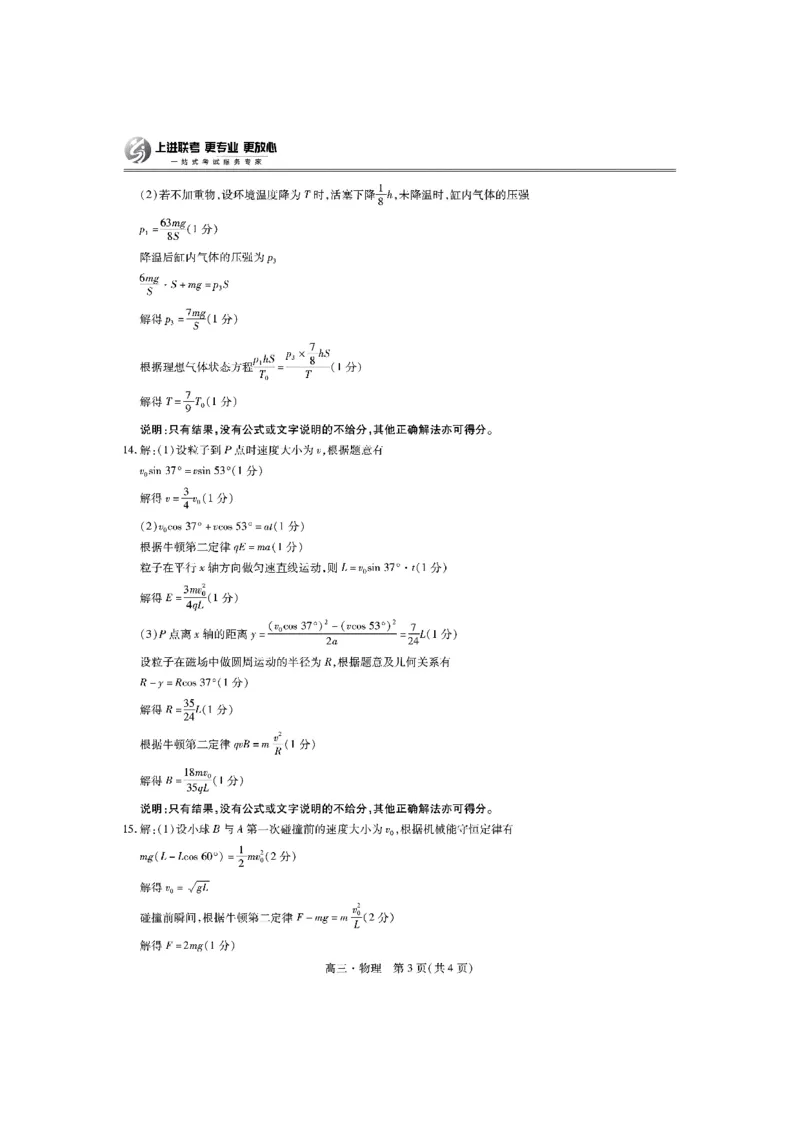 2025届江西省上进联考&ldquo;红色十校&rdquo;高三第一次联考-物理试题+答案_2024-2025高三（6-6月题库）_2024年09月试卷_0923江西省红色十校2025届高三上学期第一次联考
____
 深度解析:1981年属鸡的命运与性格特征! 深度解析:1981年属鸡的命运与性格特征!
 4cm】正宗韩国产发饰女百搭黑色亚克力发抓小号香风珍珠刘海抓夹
____
Task prompt: Among the lines above, repeat exactly those from the line with "深度解析:1981年属鸡的命运与性格特征! 深度解析:1" to the line with "4cm】正宗韩国产发饰女百搭黑色亚克力发抓小号香风珍珠刘海抓夹", counting both ends.

Solution to this exercise:
 深度解析:1981年属鸡的命运与性格特征! 深度解析:1981年属鸡的命运与性格特征!
 4cm】正宗韩国产发饰女百搭黑色亚克力发抓小号香风珍珠刘海抓夹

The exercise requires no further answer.